How Acorn scored the deal that solidified its early reputation
Given a long distance from the creation of the British television show The Computer Programme in the early 1980s, it’s stunning in retrospect to consider what the BBC was trying to do in 1981. In an effort to boost the country’s computer literacy, the public broadcaster wanted a standardized computer it could use to drive a multi-part TV series.
Not only that, it wanted that computer wanted it to hit certain specifications based on the different things it wanted to cover in certain episodes. For its time, the requirements were fairly stringent—it wanted to feature sound, graphics, and AI at a time when those three elements were still fairly primitive in mainstream computers.
Initially, the BBC worked with Newbury Laboratories, an offshoot of Sinclair’s 1970s firm Sinclair Radionics, to produce a computer to hit the broadcaster’s specifications, but the machine, called the NewBrain, was primitive even for its time, and Newbury eventually opted out because it believed it would be unable to hit the BBC’s manufacturing goals.

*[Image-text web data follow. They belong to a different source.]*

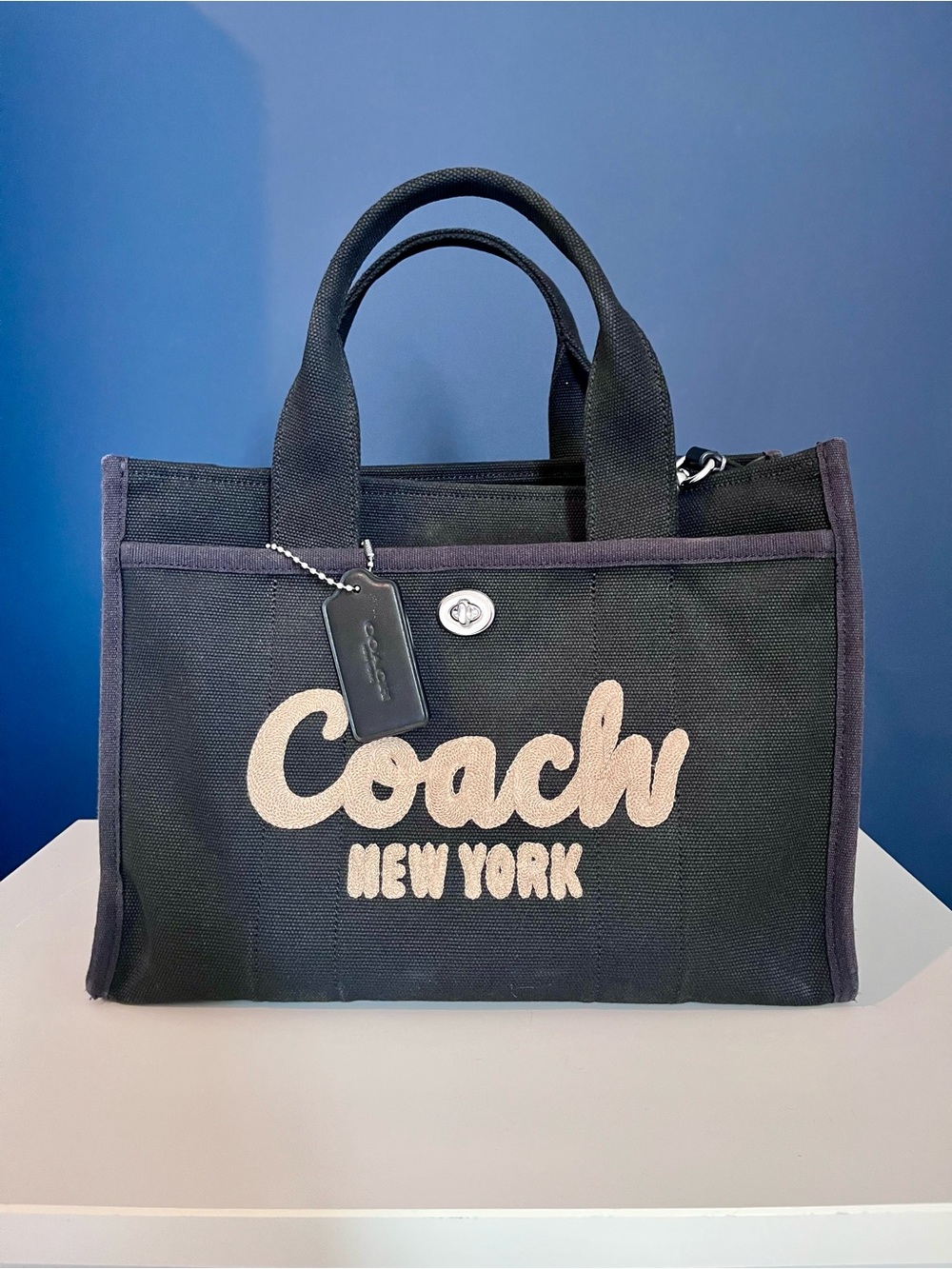Coach Black Canvas Tote with Tan Logo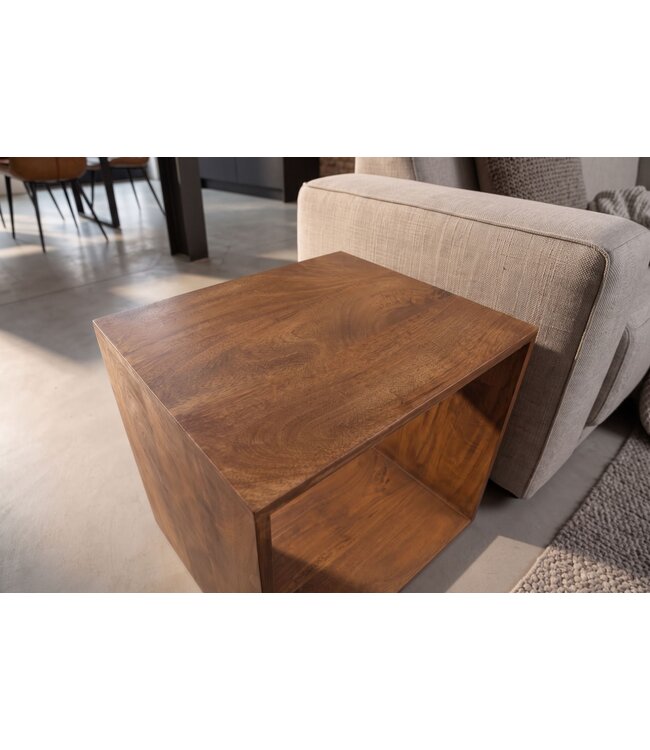 Invicta Interior Bijzettafel MAKASSAR 45cm met opbergruimte mangohout bruin honingtint - 49378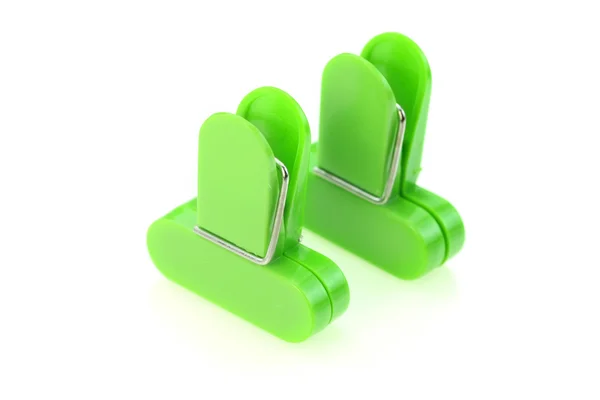 Two green clips — Stock Photo, Image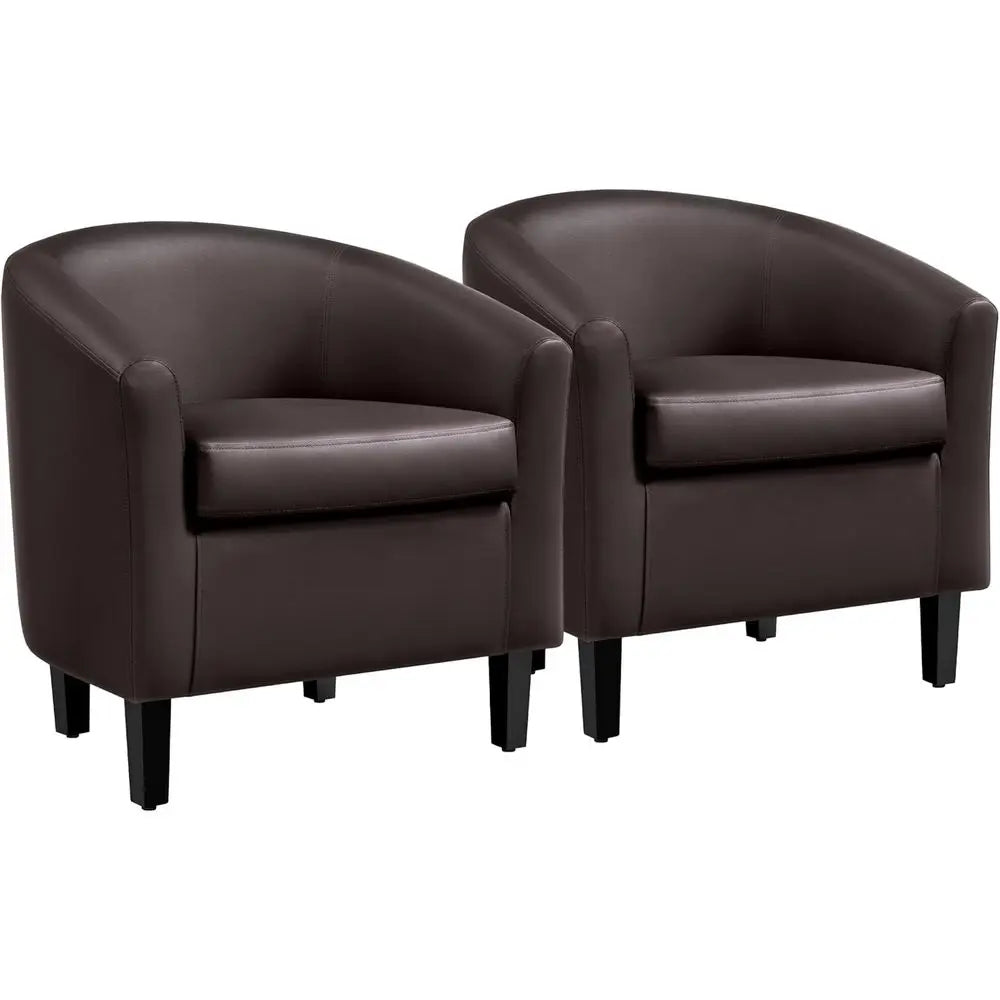 PU Leather Swivel Barrel Accent Chairs With Padded Wooden Frame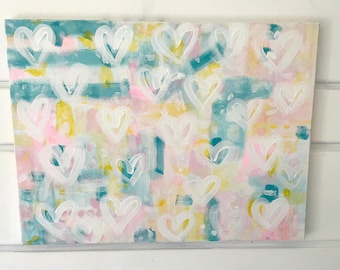 Sorbet Hearts Preppy Modern Abstract Canvas Painting | Wall Art | Best Friend Gift | College Dorm | Event Keepsake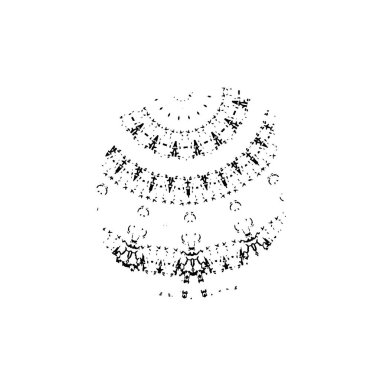 Beyaz arkaplanda soyut siyah mürekkep lekesi. 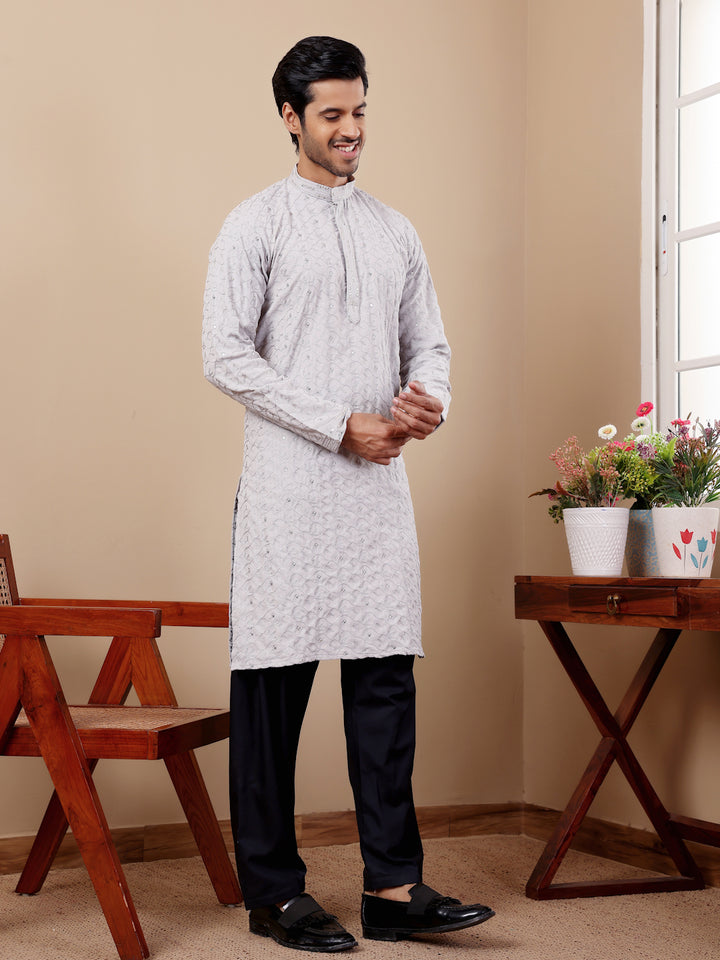 Traditional Men's Linen Kurta | Premium Linen with Designer Embroidery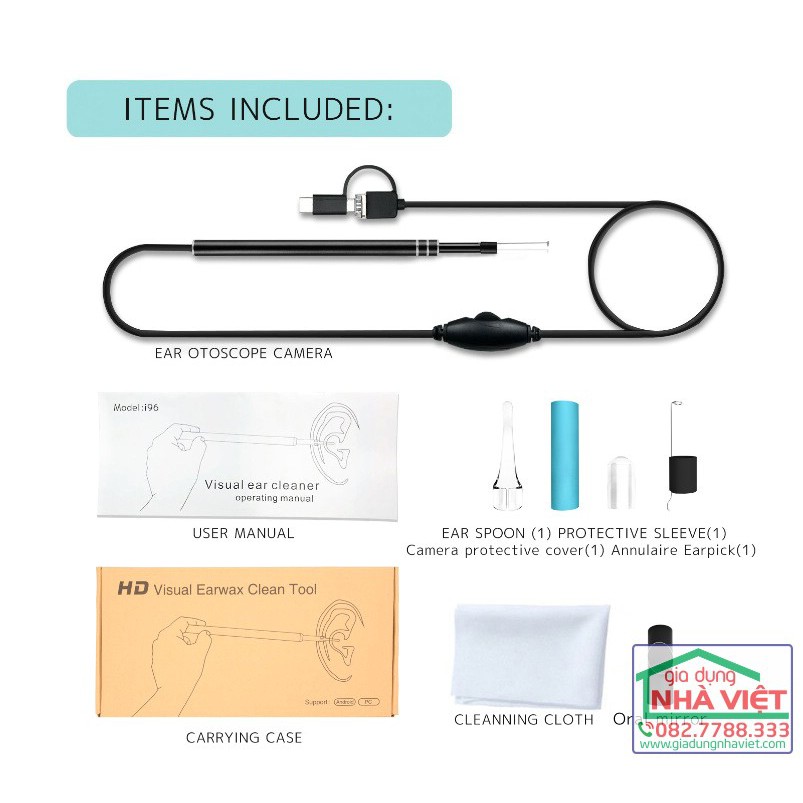 Camera nội soi tai mũi họng Visual Earwax Clean Tool I96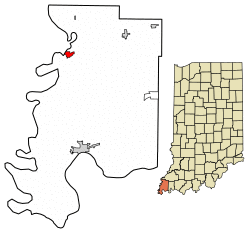 Location of New Harmony in Posey County, Indiana.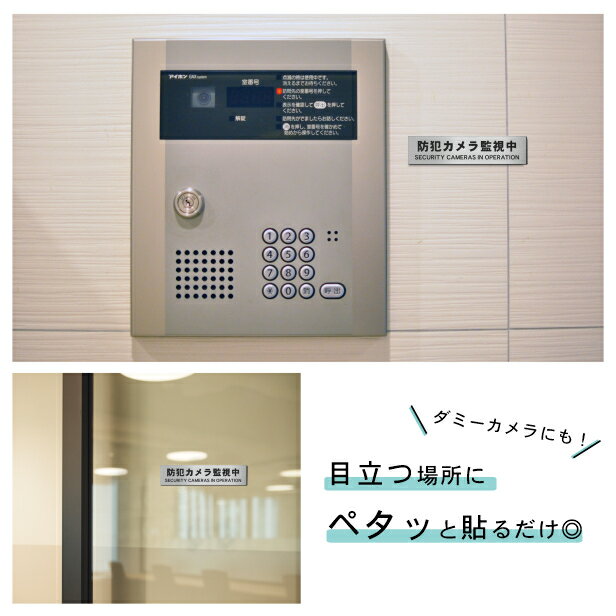 防犯カメラ監視中 英語付 サインプレート ステ...の紹介画像2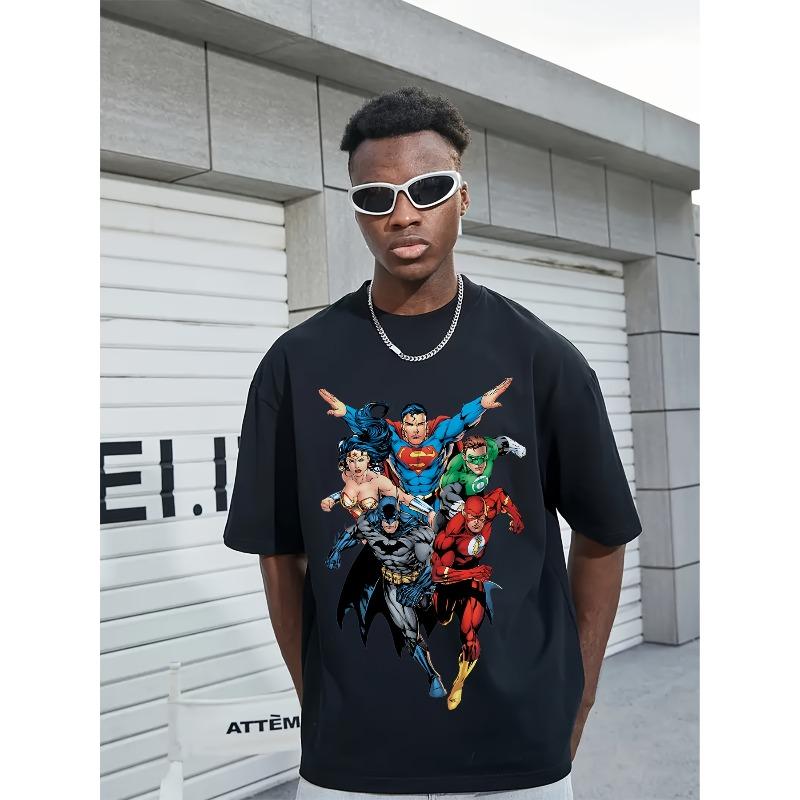 European Sizes 1pc Justice League Graphic T-Shirt - Breathable & Soft Fabric, Regular Fit Short Sleeve Tee with Iconic Superheroes Design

The BBC eventually expanded its pool of bidders to create a computer around the show, and reached out to numerous companies, including Sinclair Research (Clive Sinclair’s replacement for Sinclair Radionics, which went belly up after a funding deal with the government went south) and the competing Acorn Computers.
Acorn, which had built its first prebuilt computer, the Atom, in the prior year, had been working on a followup called the Proton that fit essentially all the BBC’s requirements. But it was still in the planning stages, with no actual prototypes built. Curry’s solution? He leaned on students at Cambridge to build enough devices to test in just four days. As The Register noted in 2012, system developers Steve Furber and Sophie Wilson worked against an impossible deadline, having the machine ready to go just minutes before the BBC reviewed the product.
Despite Sinclair being better known in the market and having more initial success, BBC went with Acorn’s design, a move that ensured the BBC Micro, as it would become called, would become the one used in schools around the country. It was a massive hit, and it was nearly impossible for the public to get its hands on a BBC Micro in its early years.
“Acorn got the BBC contract, for reasons that baffled Sinclair but nobody else,” The Guardian recalled in 2012 amid the BBC Micro’s 30th anniversary. “Their computer combined good industrial design with significant technological innovation.”
(Don’t cry for Sinclair, though: The ZX Spectrum was a huge hit in its own right.)
I could write more about this saga, but it’s been perfectly captured by the BBC in the 2009 docudrama Micro Men, which features Alexander Armstrong as Sinclair and Martin Freeman as Curry. It’s on YouTube, and it’s very much worth watching.
When it comes to ARM, the real story is what happened after this point—what happened after the big success?
“Initially, we asked Intel for samples of their 80286 processor, but they refused. That’s funny, because ARM is now perceived as a competitive threat to Intel, and you can trace that all the way back to the seminal moment when they refused to give us those samples.”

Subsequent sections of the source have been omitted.